- Required action:
Please write out every record below exactly as it stands.

Data entries:
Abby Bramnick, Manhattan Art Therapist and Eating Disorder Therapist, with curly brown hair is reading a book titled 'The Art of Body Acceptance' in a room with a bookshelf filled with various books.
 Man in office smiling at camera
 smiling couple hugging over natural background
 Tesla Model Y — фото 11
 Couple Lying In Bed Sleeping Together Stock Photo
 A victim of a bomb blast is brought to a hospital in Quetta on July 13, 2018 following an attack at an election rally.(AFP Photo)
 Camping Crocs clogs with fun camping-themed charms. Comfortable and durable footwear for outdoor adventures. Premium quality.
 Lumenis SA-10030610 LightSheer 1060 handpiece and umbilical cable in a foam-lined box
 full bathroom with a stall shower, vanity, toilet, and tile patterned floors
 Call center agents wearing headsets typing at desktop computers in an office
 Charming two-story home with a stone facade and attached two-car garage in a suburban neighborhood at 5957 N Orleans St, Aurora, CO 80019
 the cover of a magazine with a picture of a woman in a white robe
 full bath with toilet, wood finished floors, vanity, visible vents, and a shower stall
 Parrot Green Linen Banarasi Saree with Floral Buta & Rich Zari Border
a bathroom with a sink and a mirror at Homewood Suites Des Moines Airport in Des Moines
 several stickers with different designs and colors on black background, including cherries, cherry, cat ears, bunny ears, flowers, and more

- Result below:
Abby Bramnick, Manhattan Art Therapist and Eating Disorder Therapist, with curly brown hair is reading a book titled 'The Art of Body Acceptance' in a room with a bookshelf filled with various books.
 Man in office smiling at camera
 smiling couple hugging over natural background
 Tesla Model Y — фото 11
 Couple Lying In Bed Sleeping Together Stock Photo
 A victim of a bomb blast is brought to a hospital in Quetta on July 13, 2018 following an attack at an election rally.(AFP Photo)
 Camping Crocs clogs with fun camping-themed charms. Comfortable and durable footwear for outdoor adventures. Premium quality.
 Lumenis SA-10030610 LightSheer 1060 handpiece and umbilical cable in a foam-lined box
 full bathroom with a stall shower, vanity, toilet, and tile patterned floors
 Call center agents wearing headsets typing at desktop computers in an office
 Charming two-story home with a stone facade and attached two-car garage in a suburban neighborhood at 5957 N Orleans St, Aurora, CO 80019
 the cover of a magazine with a picture of a woman in a white robe
 full bath with toilet, wood finished floors, vanity, visible vents, and a shower stall
 Parrot Green Linen Banarasi Saree with Floral Buta & Rich Zari Border
a bathroom with a sink and a mirror at Homewood Suites Des Moines Airport in Des Moines
 several stickers with different designs and colors on black background, including cherries, cherry, cat ears, bunny ears, flowers, and more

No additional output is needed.